Excerpted data
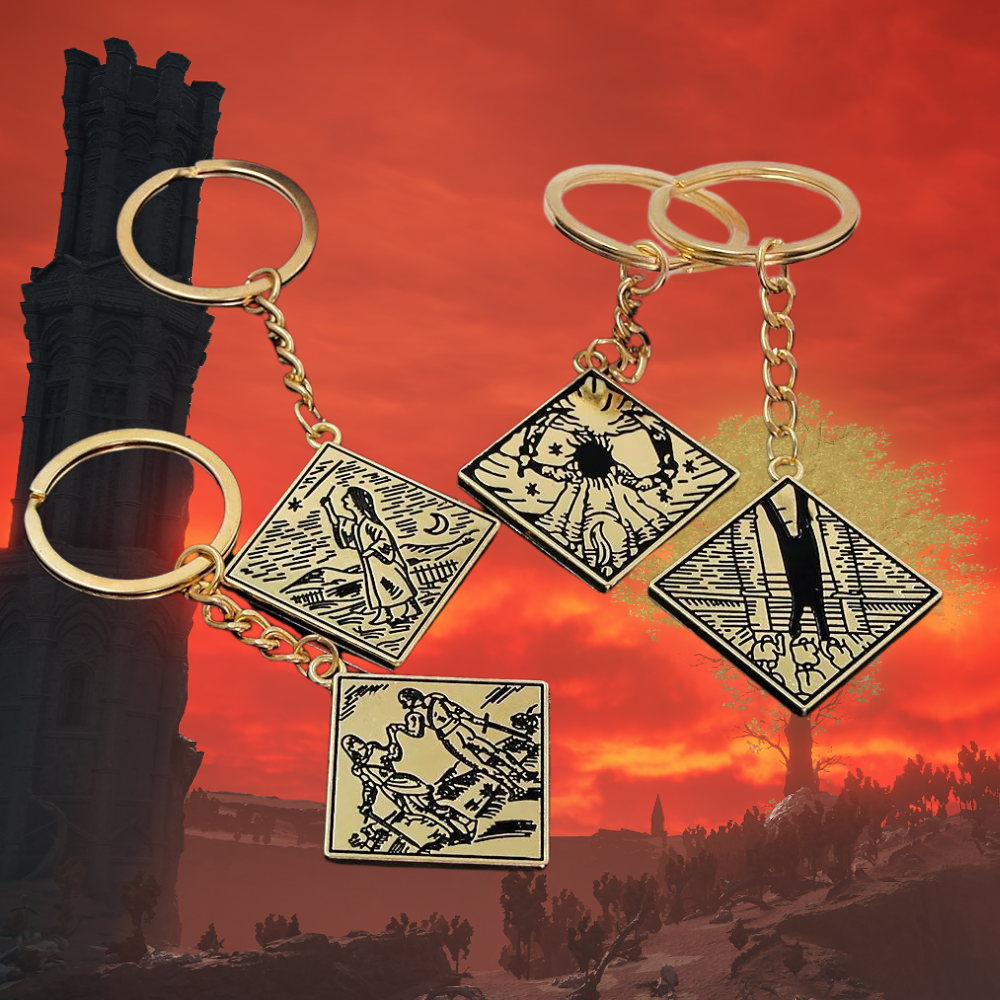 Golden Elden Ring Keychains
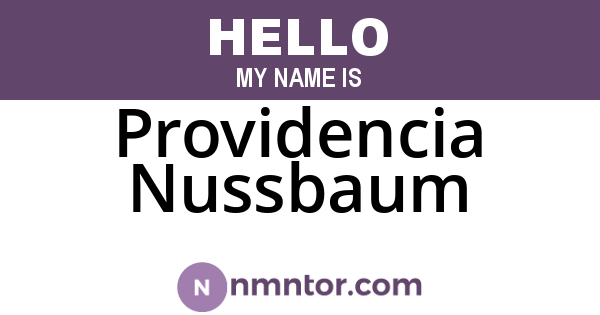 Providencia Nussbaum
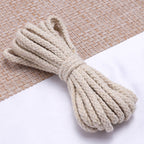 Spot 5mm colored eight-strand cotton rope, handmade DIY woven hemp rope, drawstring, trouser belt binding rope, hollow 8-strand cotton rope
--
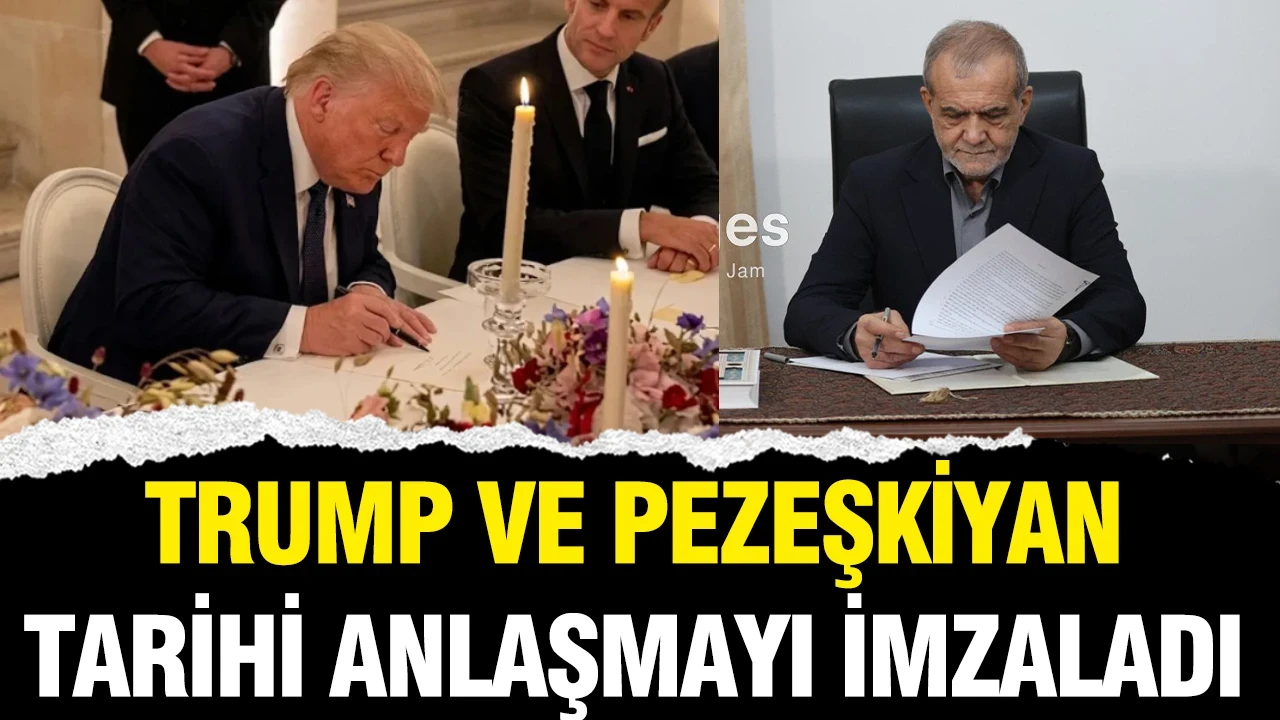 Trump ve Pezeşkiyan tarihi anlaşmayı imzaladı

Goal of the exercise
Give back exactly the lines above from the one with "Golden Elden Ring Keychains" through the one with "Spot 5mm colored", both included. Pictures don't belong in the copy.

Solution to this problem
 Golden Elden Ring Keychains
 Providencia Nussbaum
 Spot 5mm colored eight-strand cotton rope, handmade DIY woven hemp rope, drawstring, trouser belt binding rope, hollow 8-strand cotton rope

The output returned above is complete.